Twitter, the new source of adjustments, minor changes, and now presidential updates, is where Tesla CEO Elon Musk announced the Enhanced Autopilot launch. New vehicles equipped with “hardware 2” will now enjoy this over-the-air software update, an update which will include the Low-Speed Autosteer, Traffic-Aware Cruise Control, and Forward Collision Warning features.
Now, newer Model S and Model X vehicles will come equipped with Autopilot 2.0, a feature representative of the first generation Autopilot called “autosteer”.

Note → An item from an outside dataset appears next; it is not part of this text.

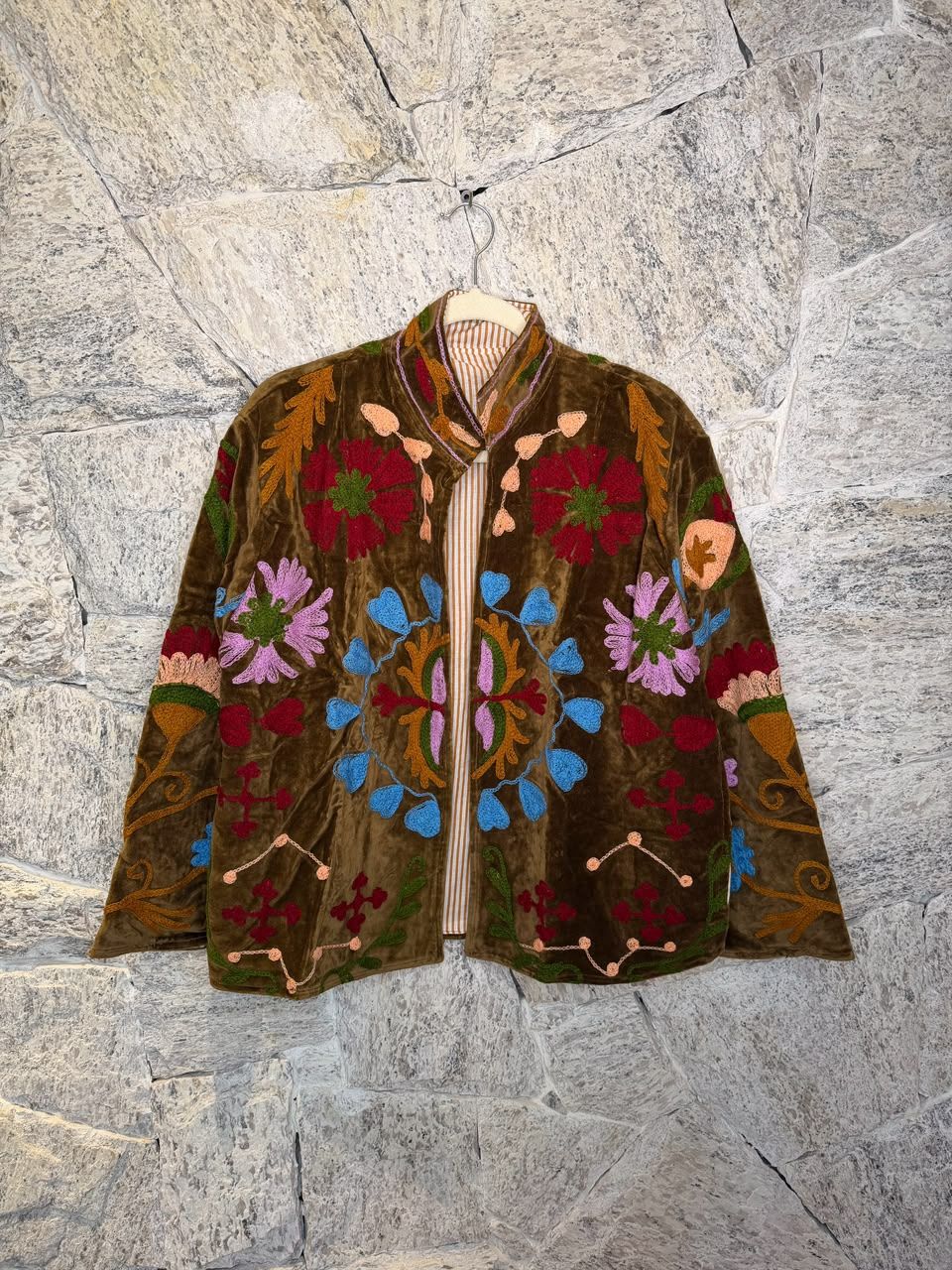 Suzani Jacket Alessia Suzani Jacket Alessia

Autosteer, traditionally referred to as autopilot, works at 45pmh and below, intended for highways with clear lane markings. Forward Collision Warning alerts drivers when objects are in their path and collisions are likely. The Tesla autopilot feature chimes with a visual warning alert on the instrument panel. This hardware update lacks Automatic Emergency Braking, where the car would apply the brakes to avoid or reduce the collision severity, though no doubt this update is soon to arrive. Additionally, owners will see a new parking feature soon enough, one which enables cars to parallel park or perpendicular park all on their own.
This software update represents the coming iteration of the Enhance Autopilot, software originally released in smaller quantities at the end of the last year, followed by Tesla’s soft release of 1,000 Model X and Model S vehicles.

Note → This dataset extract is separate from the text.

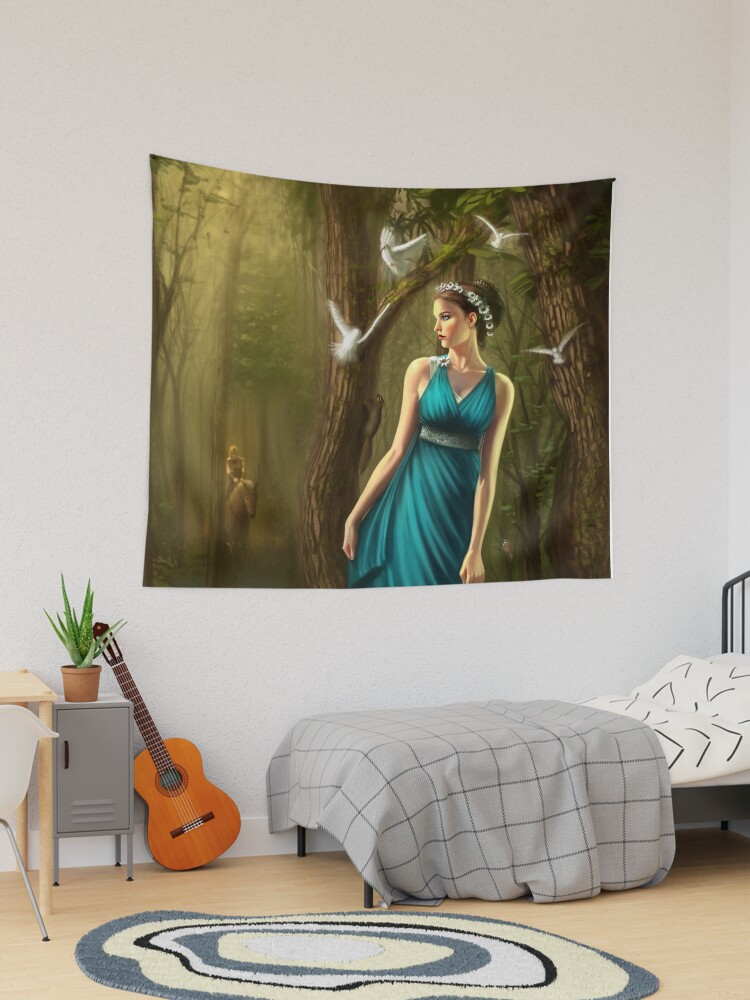 Persephone tapestry discount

Tesla owners were part of the first users to receive Enhanced Autopilot, reporting the Autosteer functionality downloading independently and slowly coming to life following the Twitter announcement earlier this week. With results indicative of initial success, this weekend, tweets from Musk stated that “Some cars will require adjustment of camera pitch angle by service”.
Vehicles which boast Autopilot 2.0 hardware will eventually become self-driving, expounding upon the current autosteer abilities, assisted by a suite of 8 onboard cameras working in conjunction with 12 advanced ultrasonic sensors. All in all these provide 360 degrees of visibility around the vehicle.
Tesla demonstrated the self-driving hardware in a video released last year, indicative of the car’s ability to not only drive sans users, but to obey traffic signals and stop signs accordingly. As if this were not enough to allay doubts, the National Highway Traffic Safety Administration completed their evaluation into the autopilot performance last June, failing to identify any defects.
Though Enhanced Autopilot is not intended for self-driving capabilities exclusively, Tesla owners were surprised to find that their Autopilot 2.0 vehicles were able to accurately detect stop signs.
Compared to previous availability, Tesla owners are excited, not only for what is at hand now, but what is in store no doubt very soon.